> **Task item**: No pictures go into the copy. Write out exactly the lines below from the one containing "Vintage Katchy Colourful Pants" through the one containing "Prime Anastasia Reclining Sofa".

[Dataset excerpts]
┌──

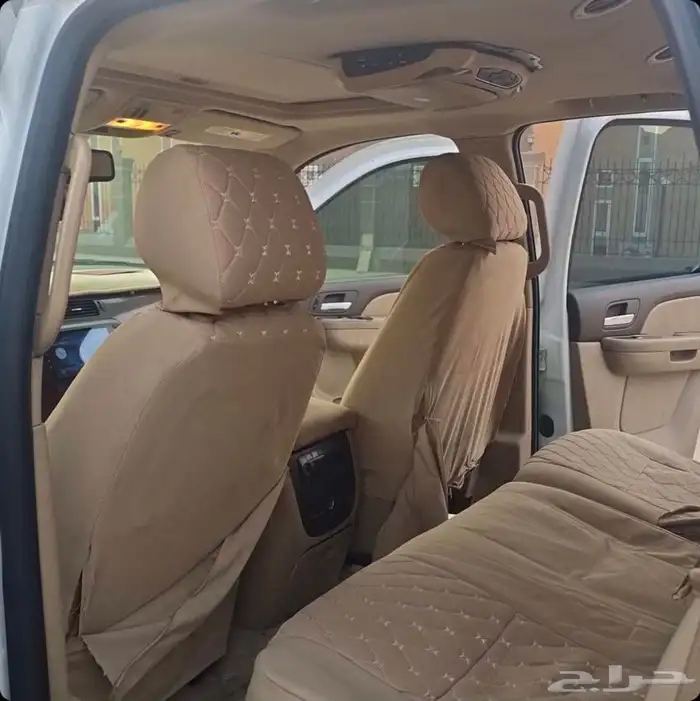 تاهو 2012 z17 نضيف 6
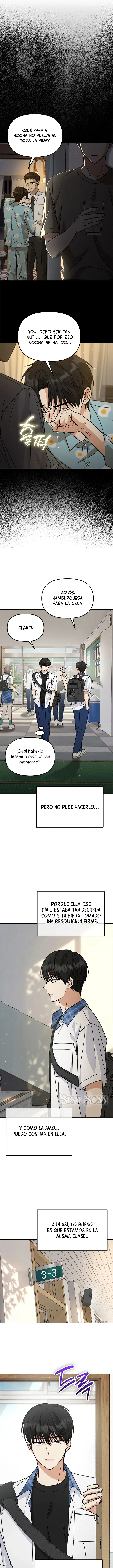 Ajustando el nivel de intensidad de un Gangster Capítulo 50 - Page 18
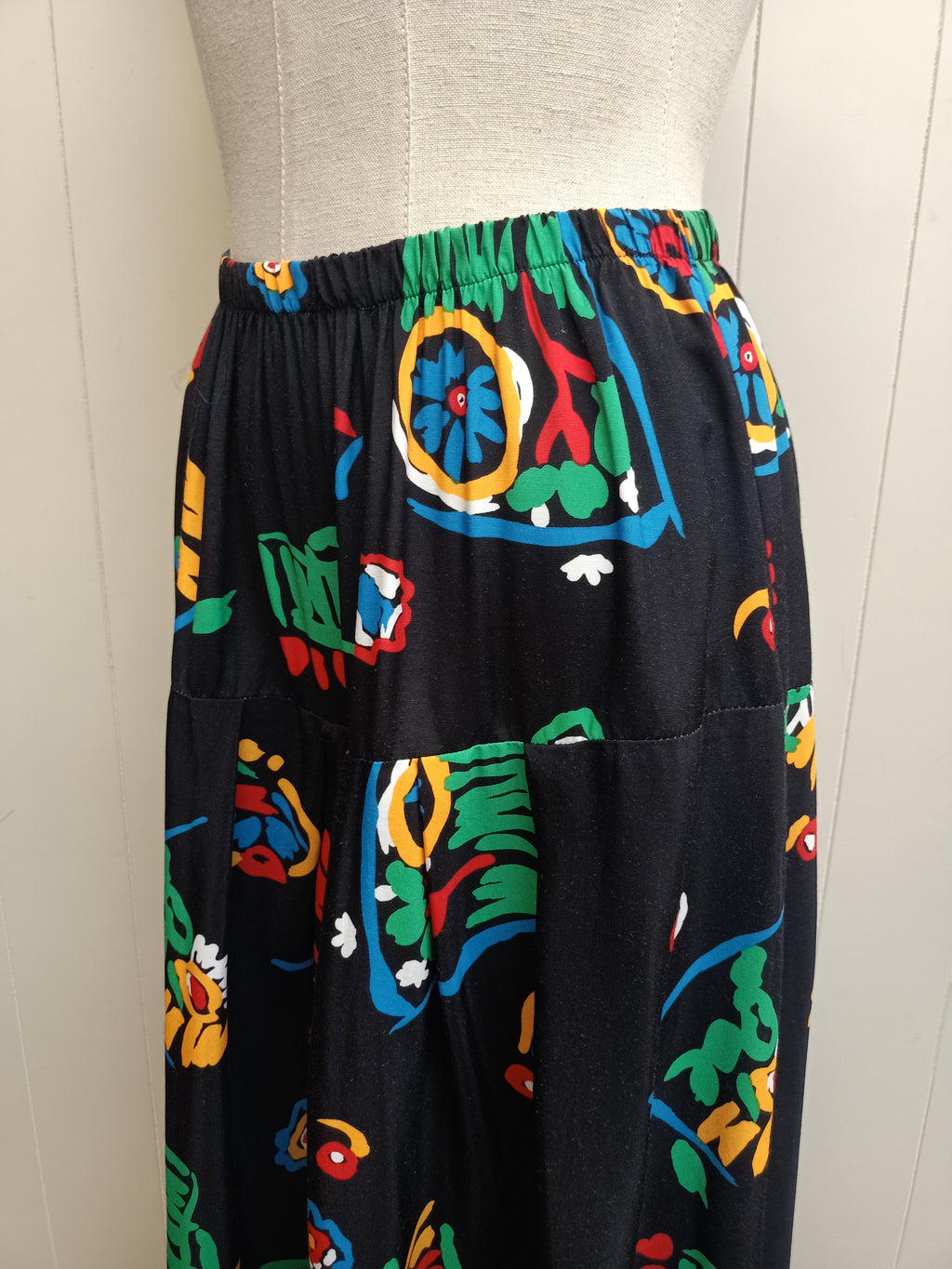Vintage Katchy Colourful Pants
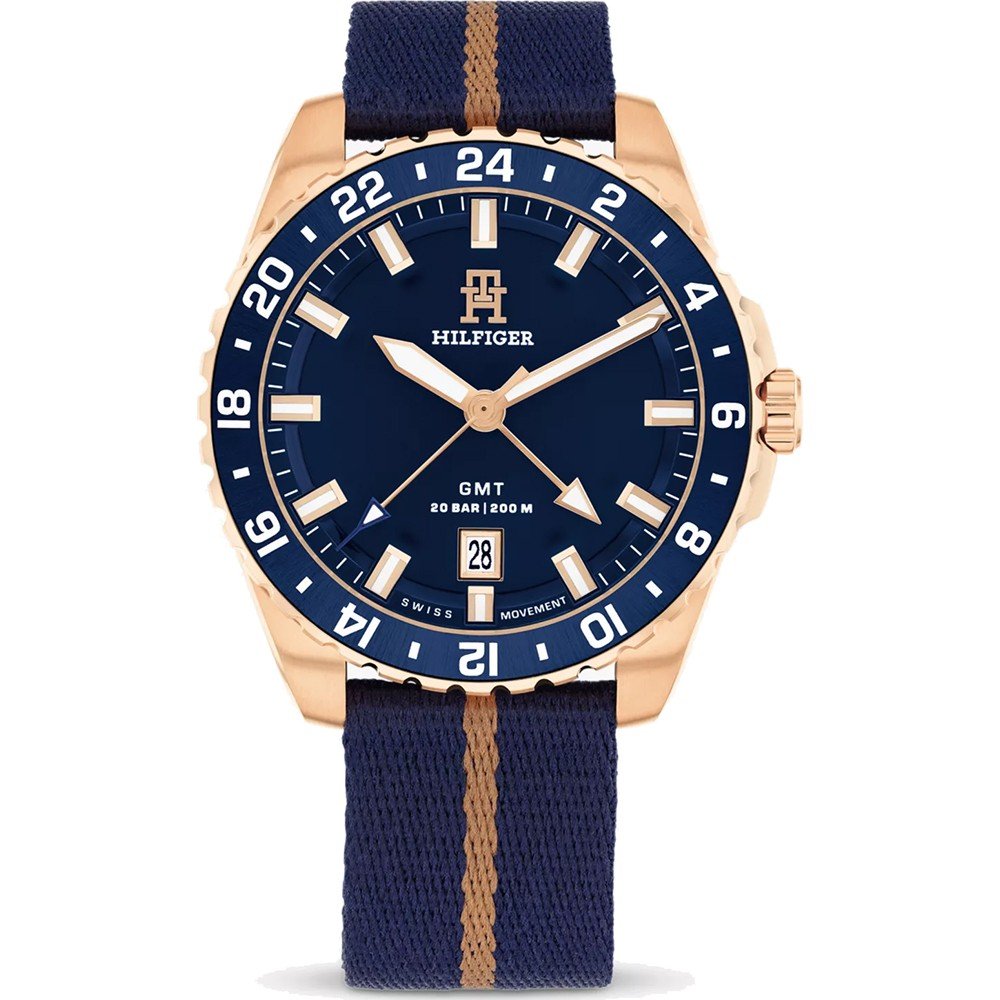 Tommy Hilfiger 1792130 Watch • EAN: 7613272578721 • Mastersintime.com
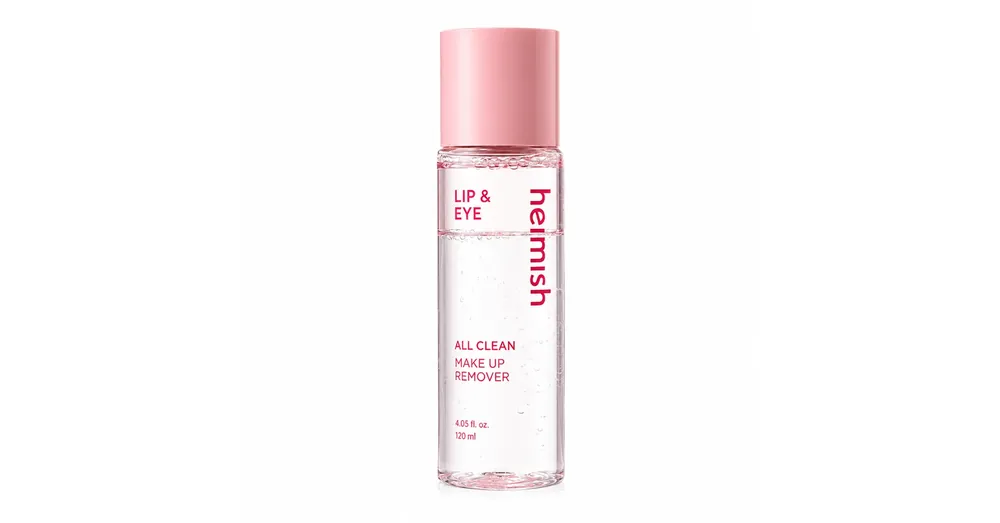 Heimish All Clean Makeup Remover – Sminklemosó 120ml Legnépszerűbb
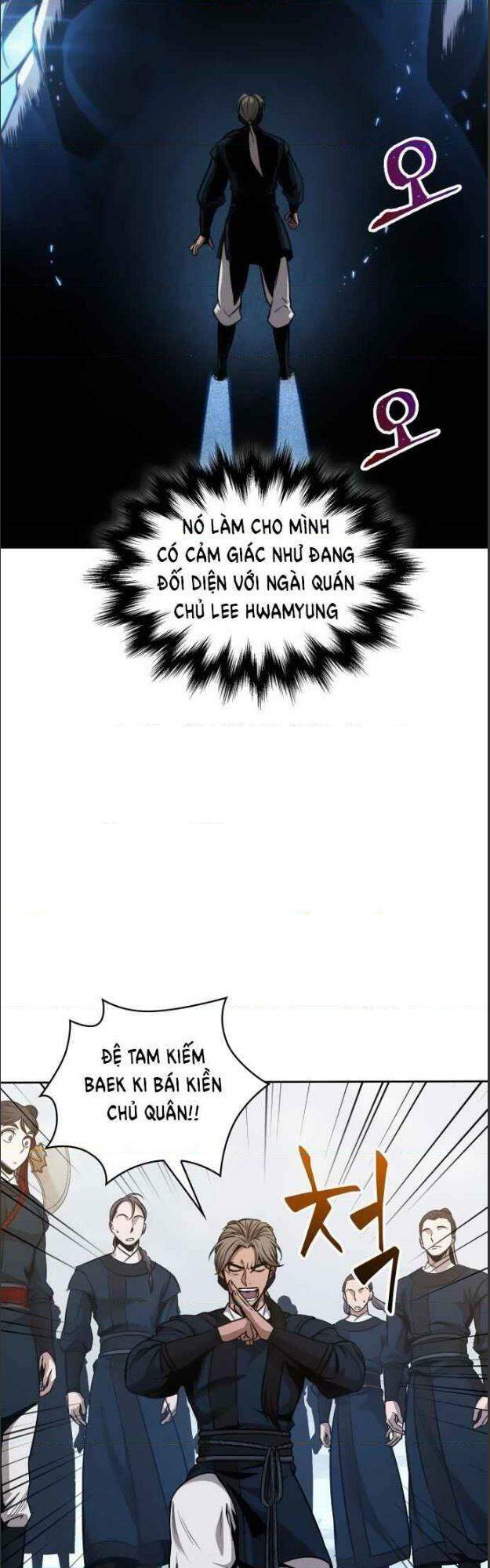 Truyện Tranh Ngã Lão Ma Thần trang 6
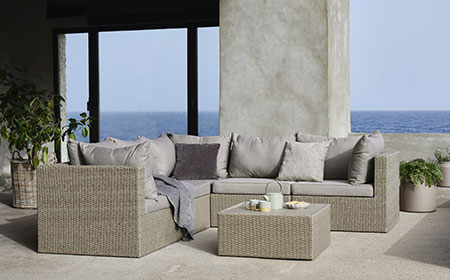 Ръководство: Модулен диван за вашия двор или тераса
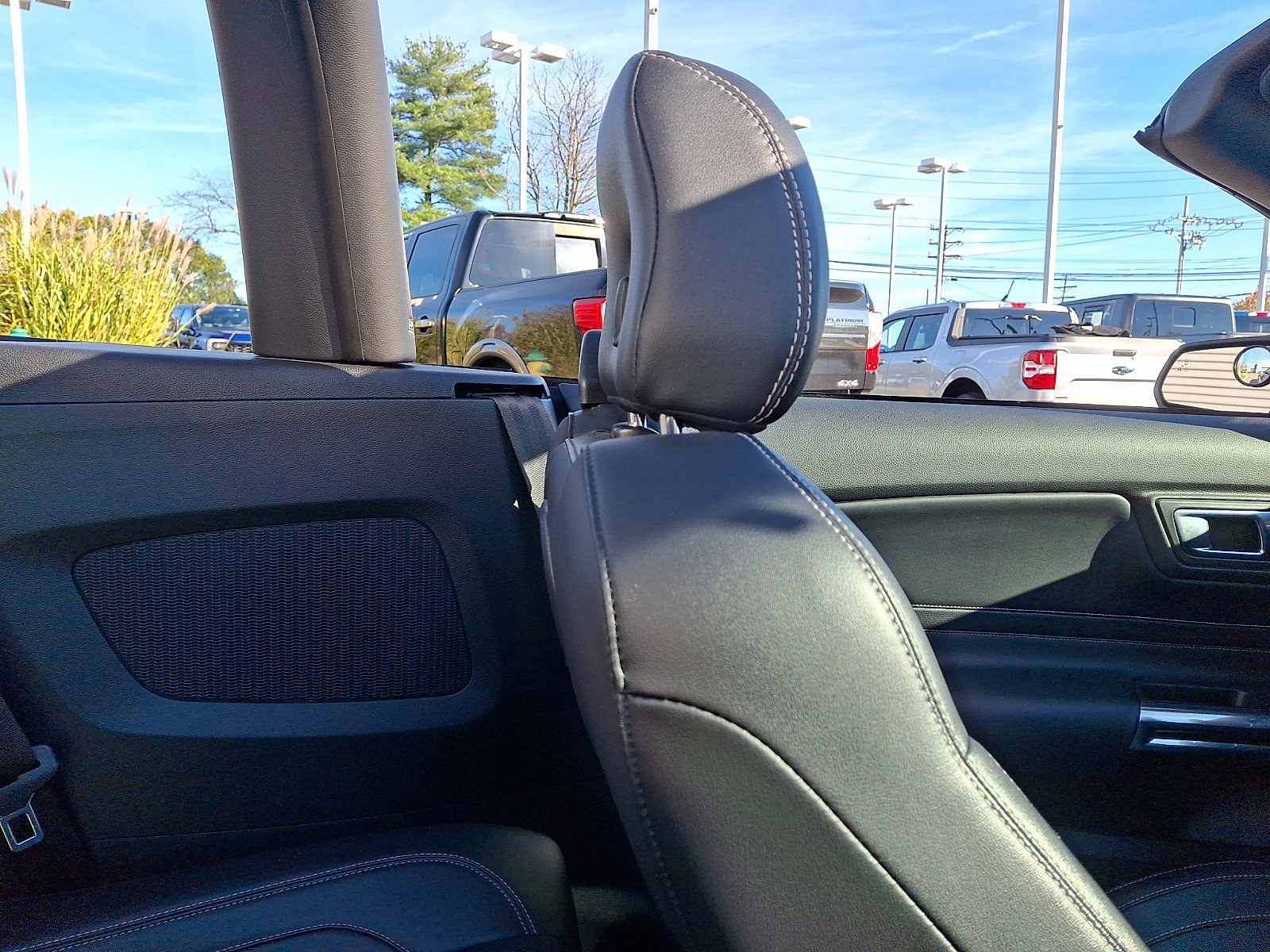 Certified 2018 Ford Mustang Premium w/ Equipment Group 201A image 13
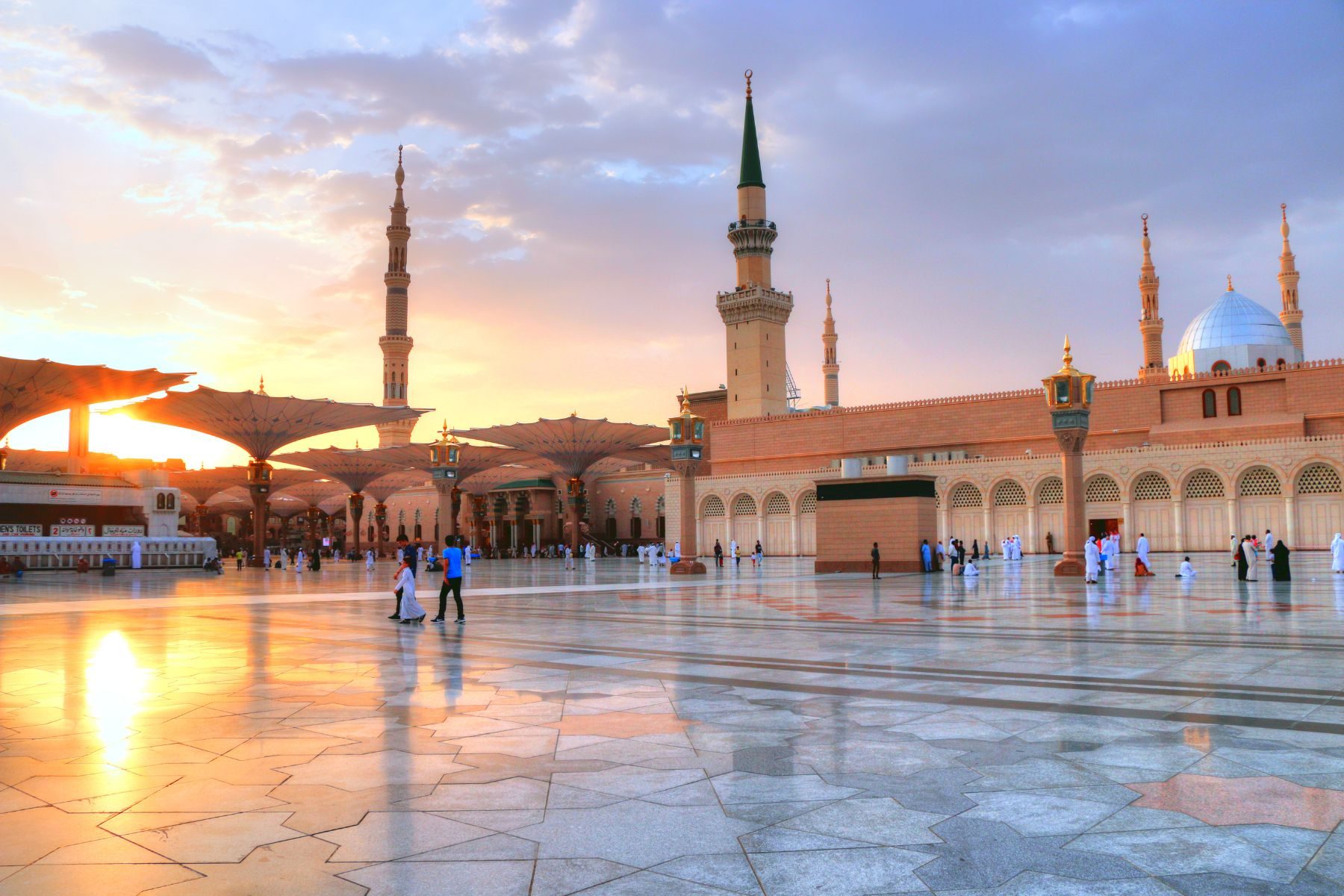 Deluxe Umrah Package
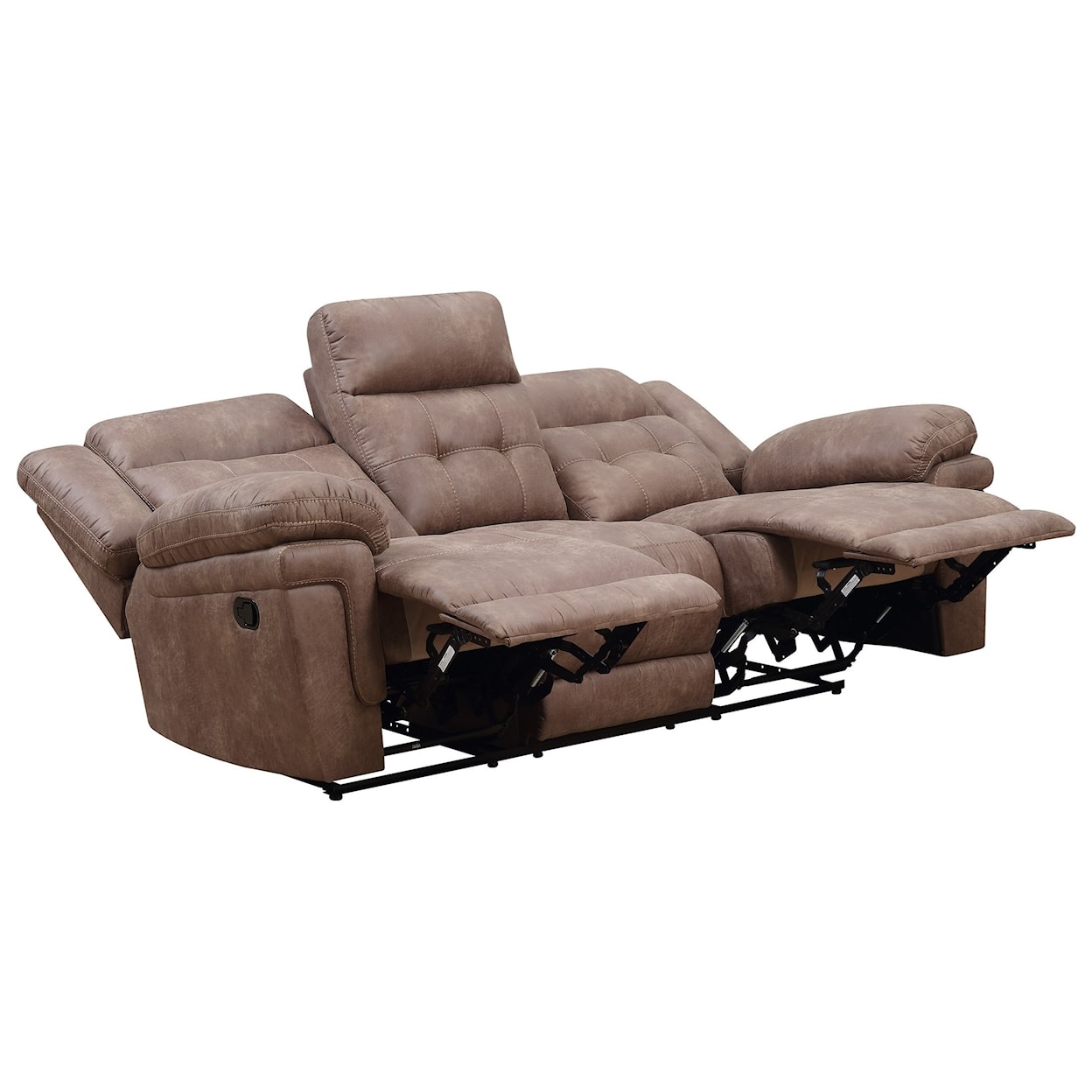 Prime Anastasia Reclining Sofa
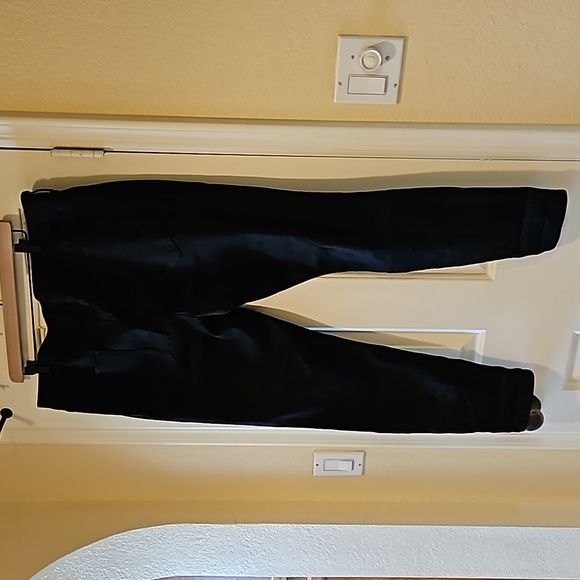 SO NWT Black low rise jeggings in size 22/40W - Picture 6 of 10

└──

> **Answer to the problem**:
Vintage Katchy Colourful Pants
 Tommy Hilfiger 1792130 Watch • EAN: 7613272578721 • Mastersintime.com
 Heimish All Clean Makeup Remover – Sminklemosó 120ml Legnépszerűbb
 Truyện Tranh Ngã Lão Ma Thần trang 6
 Ръководство: Модулен диван за вашия двор или тераса
 Certified 2018 Ford Mustang Premium w/ Equipment Group 201A image 13
 Deluxe Umrah Package
 Prime Anastasia Reclining Sofa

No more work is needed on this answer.